Democrats object to reinstatement of citizenship question in 2020 census

by WorldTribune Staff, April 4, 2018

North Carolina has joined 11 other states in a lawsuit filed in federal court seeking to block the Trump administration from adding a question about citizenship to the 2020 census, a report said.

North Carolina Attorney General Josh Stein and 11 other attorneys general from mostly Democrat-majority states filed the suit on April 3 “alleging that demanding such information could skew actual resident numbers in states with large immigrant populations,” the Raleigh News & Observer reported.

“That could threaten the fair allocation of hundreds of billions of dollars of federal grants and funding for education, roads and infrastructure, Stein and the other attorneys general stated,” the report said. “Additionally, census data are used to redraw political boundaries – from Congress to local school boards and commissions and allocate Electoral College seats.”

Stein said in a statement: “North Carolinians pay taxes to the federal government every year. In return, they rightfully expect to receive our state’s fair share of federal funding for our roads and schools and an appropriate number of Representatives in Congress. That’s what an accurate Census provides for and why I will fight any effort to politicize it.”

The National Review noted in an April 3 op-ed that “Some have attacked the decision on quasi-constitutional grounds. The census is principally for determining the apportionment of House representatives, and federal law requires the census to count citizens and non-citizens alike for that purpose. But it does not follow that the census must preserve public ignorance about the number of citizens. The two are not mutually exclusive, and this decision does not change the way representatives are apportioned.”

Before 1960, the decennial census asked respondents if they were citizens. After 1960, the question was included on the long-form questionnaire (issued as a supplement to the decennial survey to one in six households). In 2010, the American Community Survey replaced the long-form questionnaire, and it, too, asks the citizenship question.

Commerce Secretary Wilbur Ross on March 26 announced the citizenship question would be included on the 2020 census in order to accurately measure the portion of the population eligible to vote.

New York Attorney General Eric T. Schneiderman filed the lawsuit to block the question in the Southern District of New York.

Joining Schneiderman and Stein in the lawsuit are attorneys general from Connecticut, Delaware, Illinois, Iowa, Maryland, Massachusetts, Minnesota, New Jersey, New Mexico, Oregon, Pennsylvania, Rhode Island, Virginia, Vermont, Washington, and the District of Columbia.
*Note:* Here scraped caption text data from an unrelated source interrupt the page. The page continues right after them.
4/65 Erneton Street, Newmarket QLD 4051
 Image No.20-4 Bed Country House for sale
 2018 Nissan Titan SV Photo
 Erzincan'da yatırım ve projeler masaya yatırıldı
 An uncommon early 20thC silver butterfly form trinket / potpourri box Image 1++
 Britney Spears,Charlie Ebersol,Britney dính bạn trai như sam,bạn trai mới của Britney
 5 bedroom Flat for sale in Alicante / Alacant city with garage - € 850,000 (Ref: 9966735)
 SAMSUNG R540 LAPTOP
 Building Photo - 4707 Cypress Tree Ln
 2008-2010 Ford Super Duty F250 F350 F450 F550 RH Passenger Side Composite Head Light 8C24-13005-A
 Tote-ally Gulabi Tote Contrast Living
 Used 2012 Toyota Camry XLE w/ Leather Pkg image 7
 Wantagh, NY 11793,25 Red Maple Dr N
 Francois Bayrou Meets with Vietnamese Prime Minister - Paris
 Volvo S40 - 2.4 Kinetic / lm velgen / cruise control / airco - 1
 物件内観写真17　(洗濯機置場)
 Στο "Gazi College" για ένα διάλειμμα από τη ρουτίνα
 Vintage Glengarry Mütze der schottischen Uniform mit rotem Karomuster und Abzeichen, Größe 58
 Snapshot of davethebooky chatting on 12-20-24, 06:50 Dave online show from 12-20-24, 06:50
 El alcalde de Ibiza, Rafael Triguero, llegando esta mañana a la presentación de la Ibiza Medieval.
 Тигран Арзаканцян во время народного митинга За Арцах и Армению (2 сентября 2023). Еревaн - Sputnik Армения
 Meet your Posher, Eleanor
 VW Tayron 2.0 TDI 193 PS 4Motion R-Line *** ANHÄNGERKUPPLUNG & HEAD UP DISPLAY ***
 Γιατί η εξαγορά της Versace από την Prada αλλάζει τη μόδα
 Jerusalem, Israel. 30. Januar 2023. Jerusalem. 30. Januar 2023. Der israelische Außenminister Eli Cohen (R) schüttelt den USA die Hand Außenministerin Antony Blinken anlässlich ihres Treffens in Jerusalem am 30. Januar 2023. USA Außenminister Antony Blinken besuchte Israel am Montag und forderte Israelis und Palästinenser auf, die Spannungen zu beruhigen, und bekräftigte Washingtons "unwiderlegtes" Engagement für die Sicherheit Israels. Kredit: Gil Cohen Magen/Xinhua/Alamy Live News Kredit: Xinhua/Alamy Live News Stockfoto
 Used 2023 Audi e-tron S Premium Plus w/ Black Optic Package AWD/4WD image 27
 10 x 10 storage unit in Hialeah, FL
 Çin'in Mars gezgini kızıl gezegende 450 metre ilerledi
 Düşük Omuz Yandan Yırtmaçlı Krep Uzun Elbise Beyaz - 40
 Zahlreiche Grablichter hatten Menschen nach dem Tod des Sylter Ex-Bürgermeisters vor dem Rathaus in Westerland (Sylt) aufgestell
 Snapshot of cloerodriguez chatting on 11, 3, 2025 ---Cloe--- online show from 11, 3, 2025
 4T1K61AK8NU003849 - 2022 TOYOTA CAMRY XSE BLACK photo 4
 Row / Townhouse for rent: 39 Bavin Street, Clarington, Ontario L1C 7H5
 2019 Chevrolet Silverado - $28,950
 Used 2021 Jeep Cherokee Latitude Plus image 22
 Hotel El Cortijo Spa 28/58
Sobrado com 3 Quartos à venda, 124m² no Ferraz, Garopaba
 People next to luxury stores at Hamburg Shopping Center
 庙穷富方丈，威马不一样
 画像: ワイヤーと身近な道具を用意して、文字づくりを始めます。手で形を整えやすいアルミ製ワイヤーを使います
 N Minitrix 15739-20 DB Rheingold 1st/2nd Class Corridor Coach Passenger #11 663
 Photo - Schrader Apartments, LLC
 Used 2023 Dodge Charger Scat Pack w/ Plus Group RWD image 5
The lawsuit says the new question “violates the constitutional mandate to conduct an ‘actual Enumeration’ ” of the country’s entire population, not just citizens, as well as a provision of the 1946 Administrative Procedure Act barring federal agencies from taking “arbitrary, capricious” actions.

The cities of New York City, Chicago, Philadelphia, Providence, San Francisco, and Seattle also have sued, as well as the U.S. Conference of Mayors.

The National Review noted that “Immigrants fearful of the Trump administration, the worry goes, will decline to fill out the survey, thus making the data less accurate and leading to an undercount. In addition to determining apportionment, the census affects the distribution of federal dollars and is used to enforce voting-rights laws, so it is reasonable to want its data to be as accurate as possible. But no evidence supports the claim that including the citizenship question on the census will have a significant effect on either its response rate or the reliability of its data.”